# Lecture 9: Real PIM Systems: UPMEM
*Notes*

**PIM**: Processing in Memory using PIM-enabled instructions.

<hr>

## 1 - Main Idea

Data movement between memory and storage units and compute units is a major contributor to execution time and energy consumption.

Processing-in-Memory is a paradigm that can tackle the datamovement bottleneck (Though explored for 50 years, technology challegnes prevented the successful materialization).

UPMEM has designed and fabricated the first publicly-available real-world PIM architecture (DDR4 chips embedding in-order multi-hreaded DRAM Processing Units, DPU).

**Takeaway:**

UPMEM-based PIM systems outperform state-fo-the-art CPUs in terms of performance and energy efficiency on most of PrIM benchmarks.

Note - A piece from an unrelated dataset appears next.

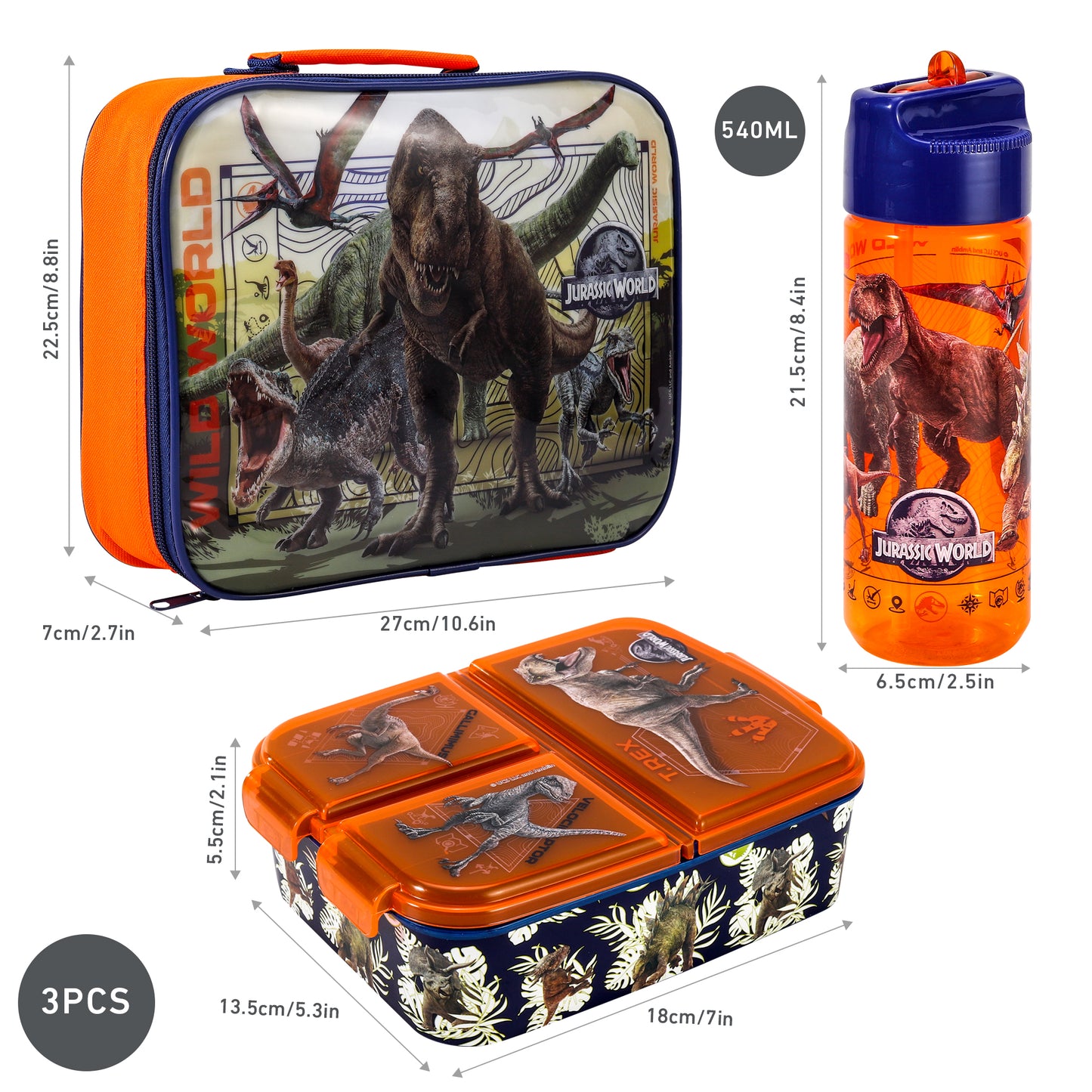 Jurassic World Kids Childrens Lunch Box Set – Insulated Lunch Bag, Multicompartment Lunch Box & 540ml Water Bottle - School Travel Lunch Food Set, BPA Free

They also outperforms state-of-the-art GPU on a majority of PrIM benchmarks. PIM systems are more energy efficient.

<hr>

## 2 - UPMEM PIM Programming

![obs](images/obs.png)

UPMEM DIMMs coexist with conventional DIMMs. Integration of UPMEM DIMMs in a system follows an **accelerator model**. Il resembles GPU computing (explicit data movement between the main processor and the accelerator. Explicit kernel launch onto the UPMEM processors). 

### Vector Addition

Array programming to allow high parallelism without requesting data throughput to the CPU.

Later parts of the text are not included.